The ECB is not to blame for market performance but the ECB is to blame for the state of the European bank balance sheets that underlie that stock market valuation.


A simple solution to all this:

Until economies recover allow banks to hold core Tier 1 ratios at 2% to 4%. As economies recover insist banks bring their core tier 1 ratios to over 9% very quickly otherwise they lose their licences.

Whats wrong with this simple but althogether more logical approach.

@ YoB

are you going to put a deposit in, or buy a bond from, a bank with a bank with a 2-4% CT1 ratio?


Why not – we did it by the truck load between 2000 and 2007.

My point being that following the losses that are sitting in the loan books of the banks being properly written off it allows banks in a depression room to make a lending error. At the moment they can neither afford to lend nor afford to make a mistake in any lending decision. This is massively destructive to the wider economy.

I don’t pretend to know the full extent of the losses that are requried to be taken but it makes no sense that having taken these losses the Regulator would insist as he continues to do that the Tier 1s should be restored to 10.5% following this course of action. One cannot expect to rebuild Rome in a day. The Regulator needs to take he head out of his Basel III rule book and look at the effect his strangulation policy is having on the wider economy. Its not working. I’ve repeatedly stated on this site that we need to do some very simple things to restore the bases of an economy:

Declare RoI a Basel III free zone for the next 5 years

Reduce DIRT to nil and give some incentive for deposit holders to return their cash to the country.

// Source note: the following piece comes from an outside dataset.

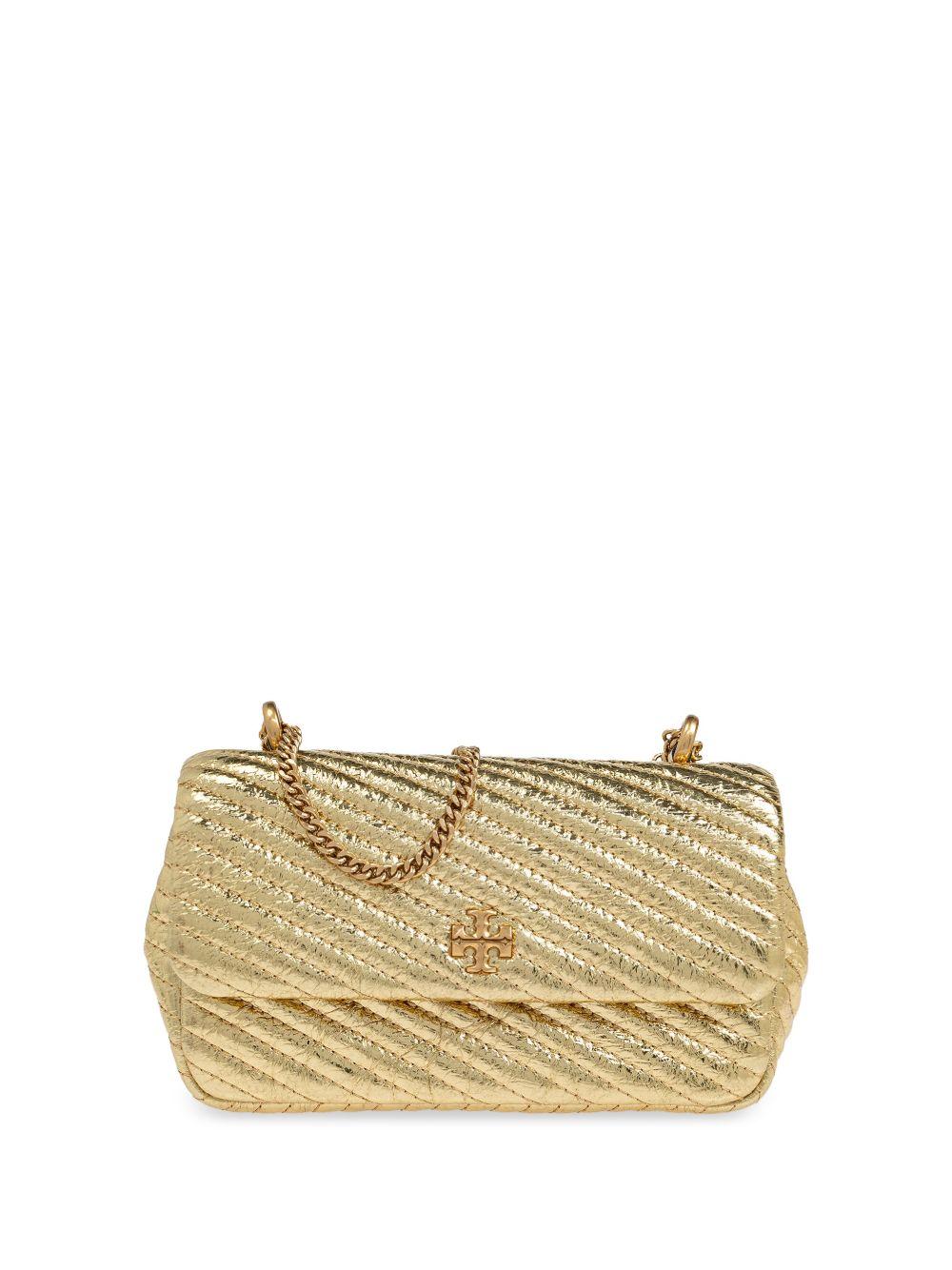  161916 #700 TORY BURCH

An across the board mortgage write down for ALL mortgages originated from 2001 to 2008 using a 7% net rental yield as a basis for house price valuations at the date of origination. Pass the write bill to the unguaranteed bond holders and the balance to the ECB.

What were attempting to do here is extend and pretend and it is failing in virtually all aspects. Fixes are or were never designed to be fair – the fairness to all mindset is wooly headed expectation that will deliver us to a road to ruin. We already on said road and hence the reason many are taking side roads to the bankruptcy courts in the UK. The direction needs to change.